(Short text fragments from websites)
....

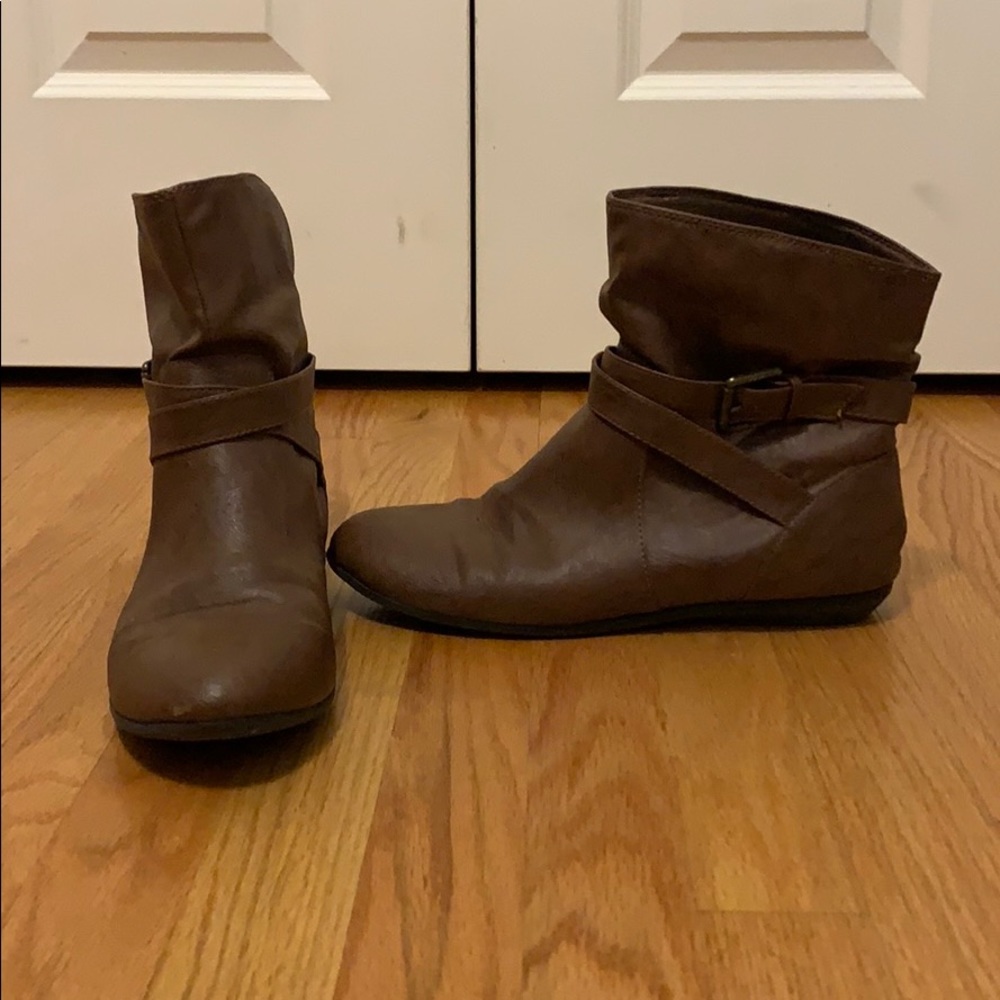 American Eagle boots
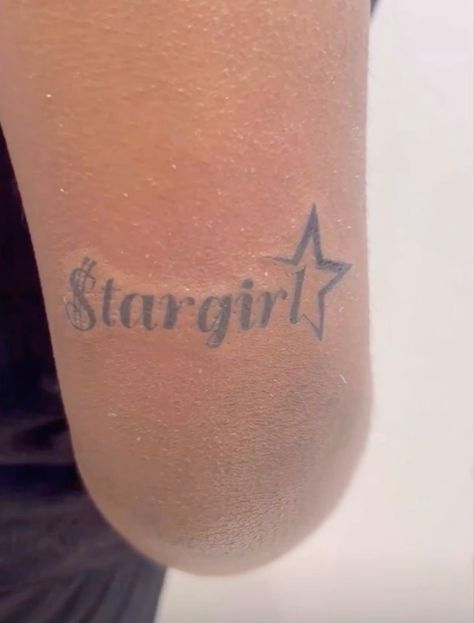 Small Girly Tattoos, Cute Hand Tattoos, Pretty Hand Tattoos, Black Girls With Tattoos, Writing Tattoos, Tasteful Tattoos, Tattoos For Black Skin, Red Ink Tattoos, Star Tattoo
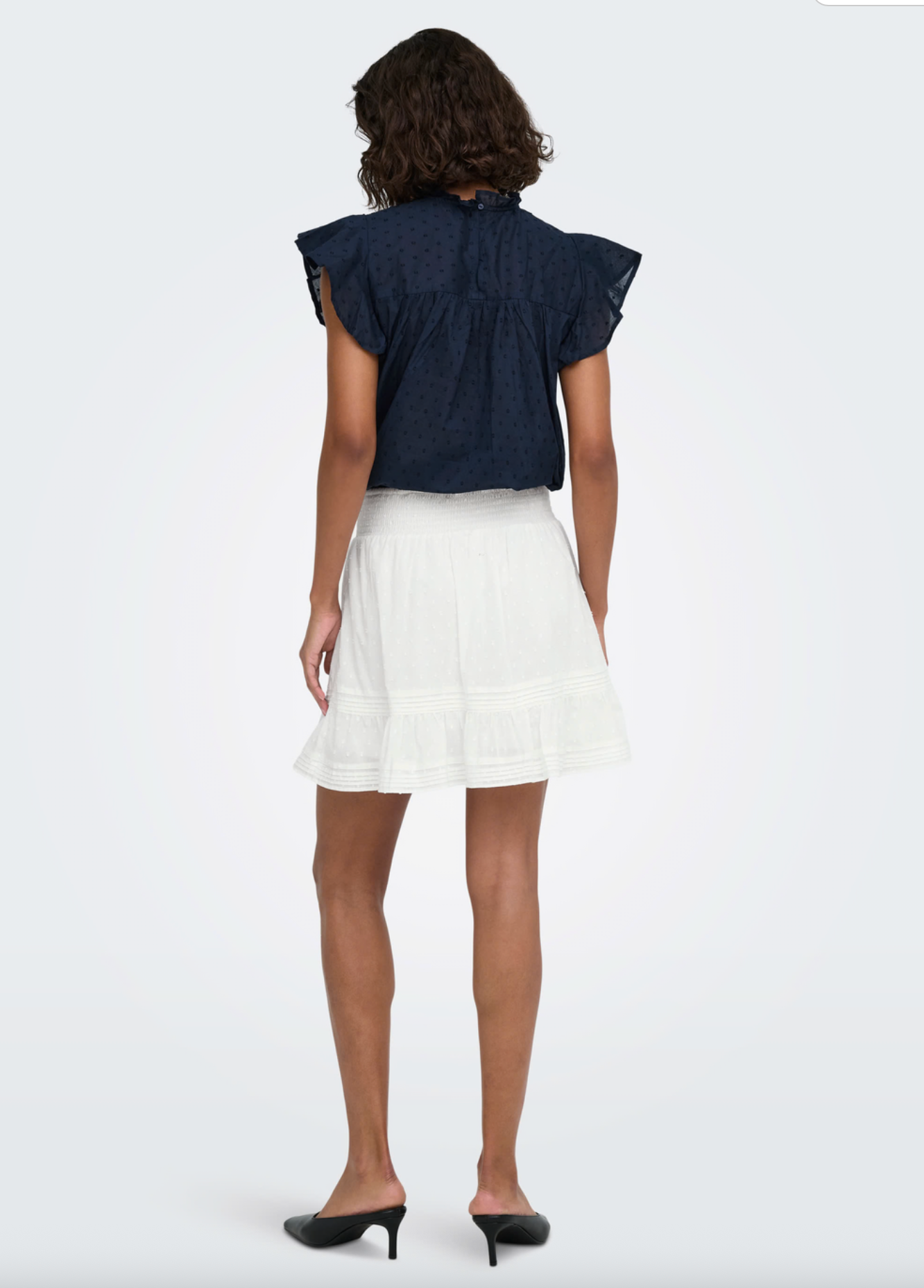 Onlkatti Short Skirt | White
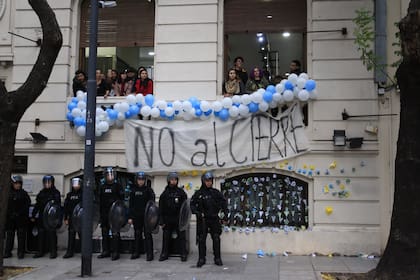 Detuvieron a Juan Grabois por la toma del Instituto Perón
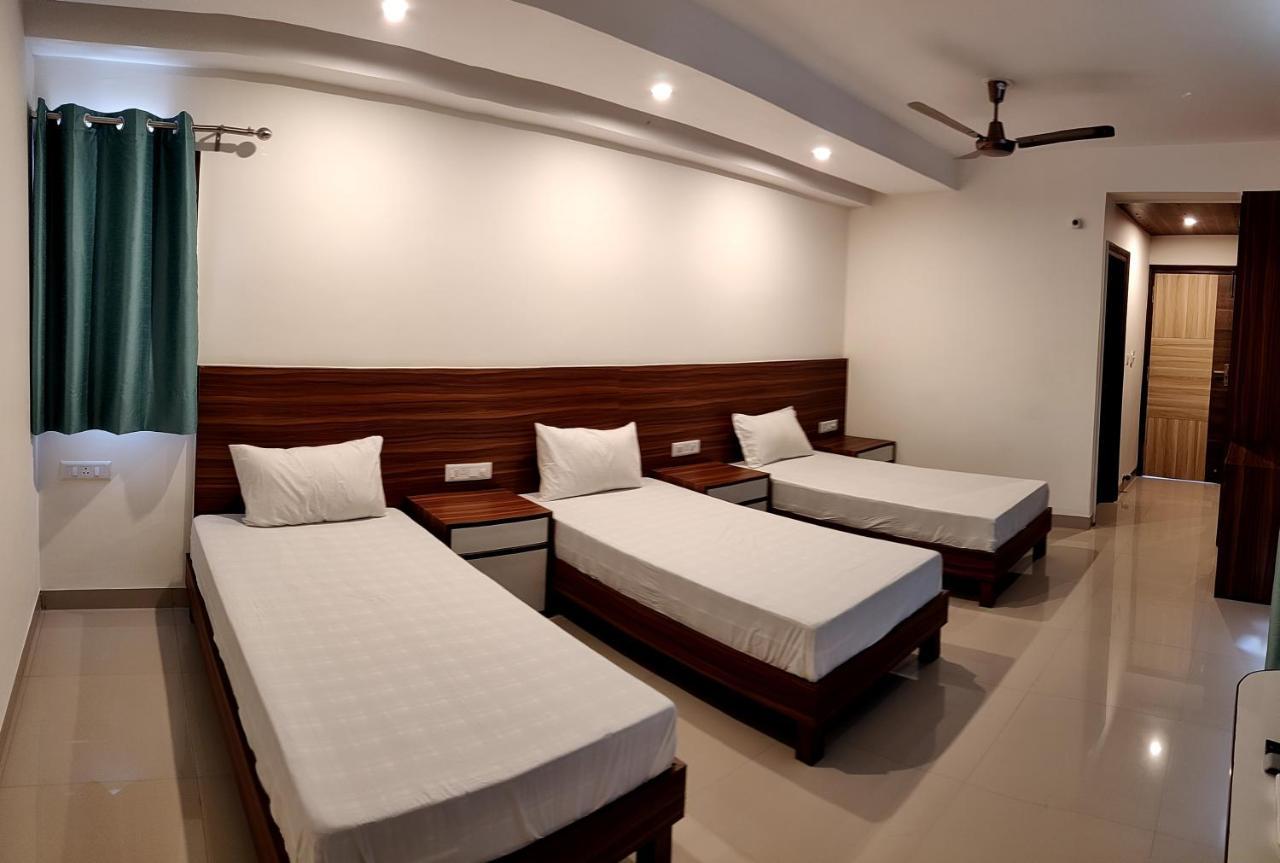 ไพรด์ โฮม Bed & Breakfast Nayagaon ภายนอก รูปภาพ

....

→ **EXERCISE DETAILS**
Only the lines above starting with the line with "Small Girly Tattoos, Cute" and going on through the line with "Onlkatti Short Skirt | White" belong in the answer; repeat them exactly, minus any picture.

→ **EXERCISE SOLUTION**
 Small Girly Tattoos, Cute Hand Tattoos, Pretty Hand Tattoos, Black Girls With Tattoos, Writing Tattoos, Tasteful Tattoos, Tattoos For Black Skin, Red Ink Tattoos, Star Tattoo
 Onlkatti Short Skirt | White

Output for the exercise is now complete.